The full listing is to be returned exactly as given, but without pictures.
START Provided data
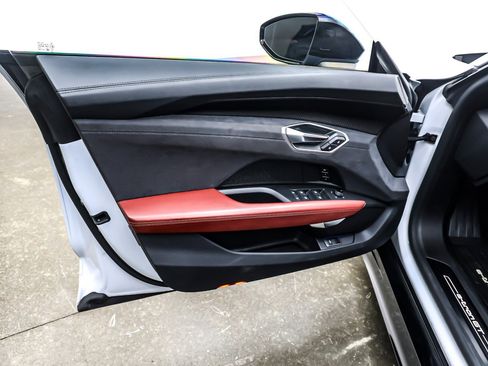 Used 2024 Audi RS e-tron GT image 22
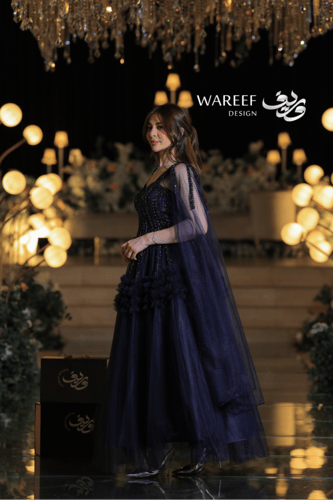 فستان سهرة كحلي طويل بتطريزات براقة وكاب تول فاخر...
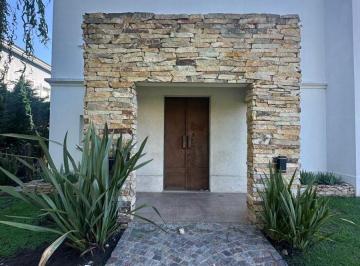 Casa de 5 ambientes, Esteban Echeverría · Casa en Alquiler de 3 Dorm. C/ Cochera en El Centauro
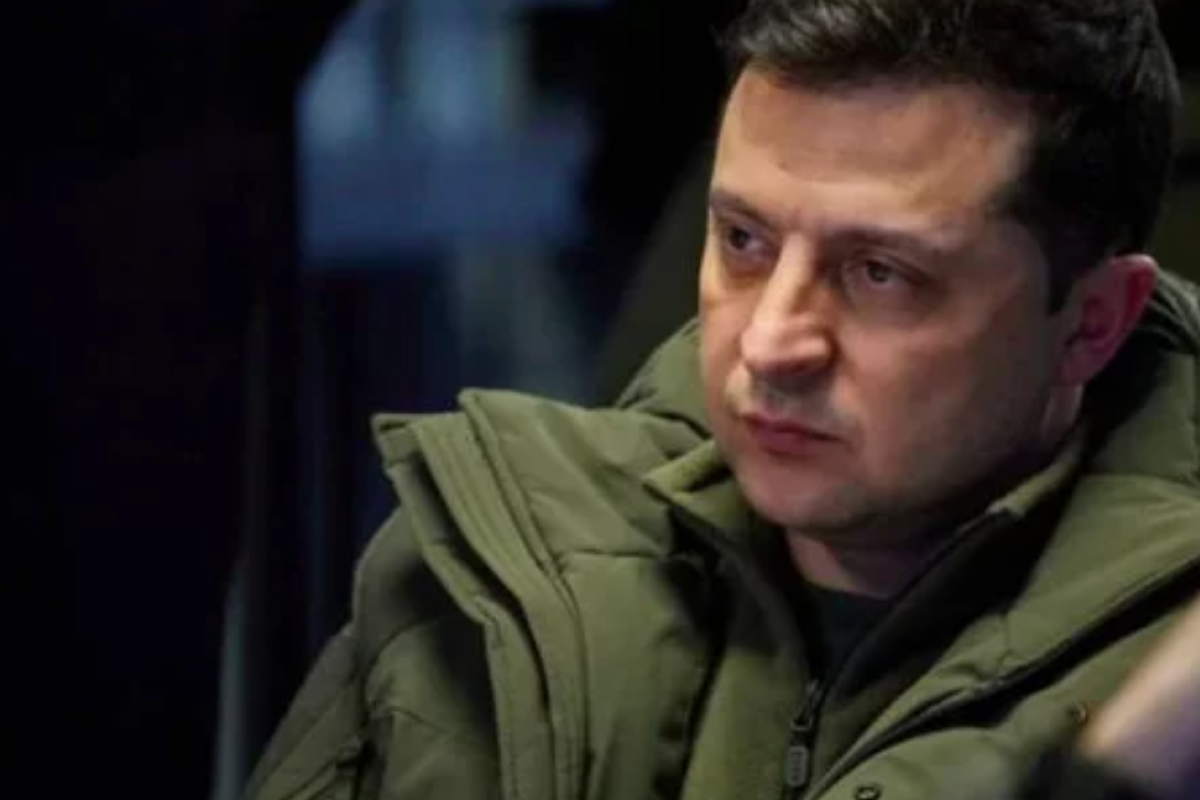 По всій території України вводиться воєнний стан По всій території України вводиться воєнний стан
END Provided data
### Task response
 Used 2024 Audi RS e-tron GT image 22
 فستان سهرة كحلي طويل بتطريزات براقة وكاب تول فاخر...
 Casa de 5 ambientes, Esteban Echeverría · Casa en Alquiler de 3 Dorm. C/ Cochera en El Centauro
 По всій території України вводиться воєнний стан По всій території України вводиться воєнний стан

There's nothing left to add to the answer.